Don’t shoot the messenger

Don’t shoot the messenger

Newspaper reporters are just doing their job

I know this might sound strange, but last month’s massacre at the Annapolis Capital Gazette newspaper south of the border, where five newspaper staff were murdered by a deranged gunman, didn’t really surprise me. I feel terrible for the victims and their families. It appears the shooter was a nutcase who was convicted in court of criminal harassment of a woman, but was obsessed with the fact negative newspaper coverage made him look like a lunatic.

I have seen tons of that type of attitude over the past 25 years. I recently received a denigrating, profane email from a wacko who was angry at me because The Pipestone Flyer didn’t take his side in a land use dispute.

About 22 years ago I was working in southern Alberta and covered a landfill approval. You want to see angry neighbours? The people who lived next to the piece of land earmarked for the landfill were livid, and they were not thinking rationally. At one of the public hearings I went to, a farmer who lived next to the proposed landfill pretty much said he was going to shoot anyone who showed up to start building the landfill. That fellow’s family also got angry at me because I was trying to tell both sides of the issue in the newspaper; apparently, they thought I should only tell their side.
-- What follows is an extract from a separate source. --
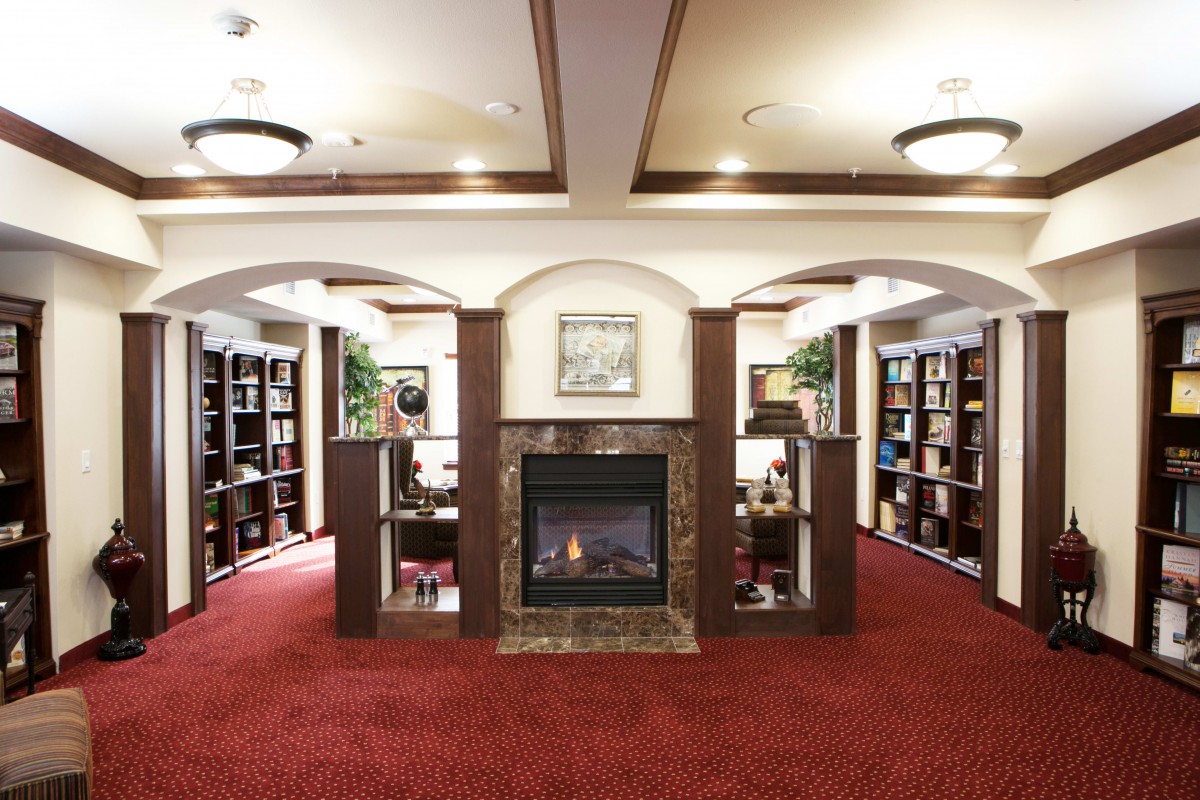 A cozy library interior with a fireplace and surrounding bookshelves.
Fast forward roughly 10 years and I was covering county council at a different newspaper. A landowner came in to file a re-zoning application to build a large residential subdivision on his farmland. This was before the oil patch tanked, and real estate prices in that area were sky high. It was likely simply selling the property could make this landowner a millionaire.

However, the county council involved took their time and analyzed the application. The proposal included hundreds of acres of good, productive farmland and the only real excuse the landowner could make for taking it out of production was “It’s going to make me a millionaire!” The council turned down the application and told the landowner farmland should be protected from development.

A few days later the reeve dropped by my office to tell me he’d heard some rumours that the landowner in question, who happened to own a gun collection and wasn’t the most mentally stable individual, was behaving in such a way that some people were a bit concerned for their safety. The reeve said he thought he should mention it to me because, if some shooting started, the local newspaper editor might be one of the targets.

But most of the lunacy I’ve been exposed to in my journalism career has come as a result of covering provincial court or Court of Queen’s Bench. I don’t have room on this page for everything I’ve seen and heard, although I’m considering writing a book about it someday. But I will relate an incident that, no matter how many years pass, never seems to fade.

My court reporter returned from work one morning and told me about a serious assault that a man had been convicted of. He was a city resident who’d attacked his spouse so badly, she fled the city and was in hiding in our little rural community. He found her and apparently beat her within an inch of her life. He pleaded guilty, as it was obvious there was no way to beat the charge, but someone, somewhere must have said something about court news appearing in the local paper, because the first thing he did was phone me after he left court.

This idiot made it clear that his name was definitely not going to appear in the paper. I assured him that, yeah, his name was definitely going in the paper. He proceeded to yell, scream, insult and threaten me, but it made no difference. Eventually he said,”You’re making me look like a bad guy.”

And then he hung up.

Stu Salkeld is editor of The Wetaskiwin Pipestone Flyer and writes a regular column for the newspaper.